If you are searching for more sous vide recipes, you should try sous vide ribs, sous vide pork chops, sous vide pork loin roast or rack of lamb for your next family dinner.
Why You Will Love This Sous Vide Chicken
- Easy Weeknight Meal: This sous vide chicken makes the best set-it-and-forget-it dinner.
- Bursting With Flavor: All the spices bring out the best flavor when cooking sous vide!
- Great Leftovers: You can use the leftovers to make a delicious sandwich the next day.
- Budget Friendly: Buying a whole chicken can save money making it perfect for a tight budget.
Ingredients
These are the star ingredients to making the best spatchcock sous vide chicken ever.
- Whole Chicken Spatchcocked: We will walk you through the whole process of how to spatchcock a chicken. It involves removing the backbone for more even cooking and cutting down on cooking time, too.
- Olive Oil: This is a key ingredient to achieve golden brown, crispy skin. Olive oil is my go but you can use any other oil (vegetable, canola, etc) or even a little butter if you like.
- Spices: The secret to a good spice rub is flavorful spices! I use garlic powder, onion, powder, paprika, and Italian seasoning. There are no rules to what you can use, so feel free to make it your own. Thyme, rosemary, oregano, or your favorite spice blend will work just as great!

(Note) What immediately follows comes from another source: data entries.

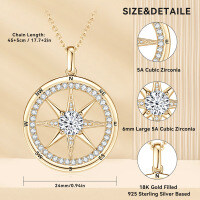 S925 Sterling Silver Butterfly Moissanite Layering Necklace-Style H [Clearance Sale - Free Shipping] Gold - Zircon  925 Silver
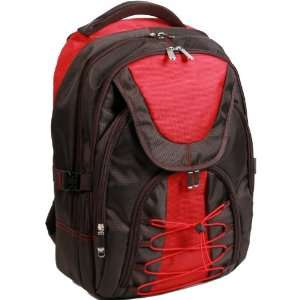  15.4 inch Red / Black Bungee Multi Loader Laptop Notebook Computer 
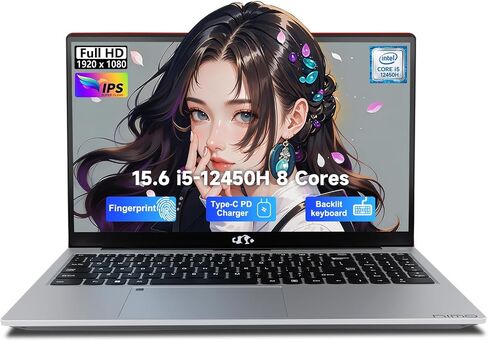 NIMO 15.6 IPS FHD-Laptop, 16GB RAM 1TB SSD Intel Pentium Quad Core N100, Computer with Backlit Keyboard Fingerprint (Beat to i3-1115G4 Up to 3.4GHz) Laptops for Student, Win 11 Gray in Kuwait
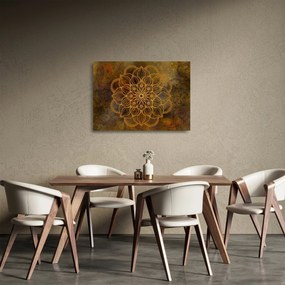 Kép - Az öröm mandala (üvegen) (70x50 cm)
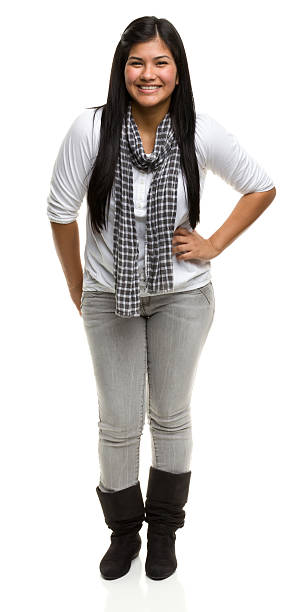 istock Laughing Young Woman Standing 184917651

See the recipe card below for the full ingredient list and the exact quantities of each one.
Variations
Here are a few ideas for ways to experiment with more flavorful chicken for the perfect chicken dinner.
- Lemon and Herbs. Add lemon slices and fresh herbs to the bag along with the chicken. Try parsley, thyme, and rosemary.
- BBQ Rub: Use your favorite BBQ spice blend as a dry rub! Rub it generously onto the skin and flesh of the chicken before cooking.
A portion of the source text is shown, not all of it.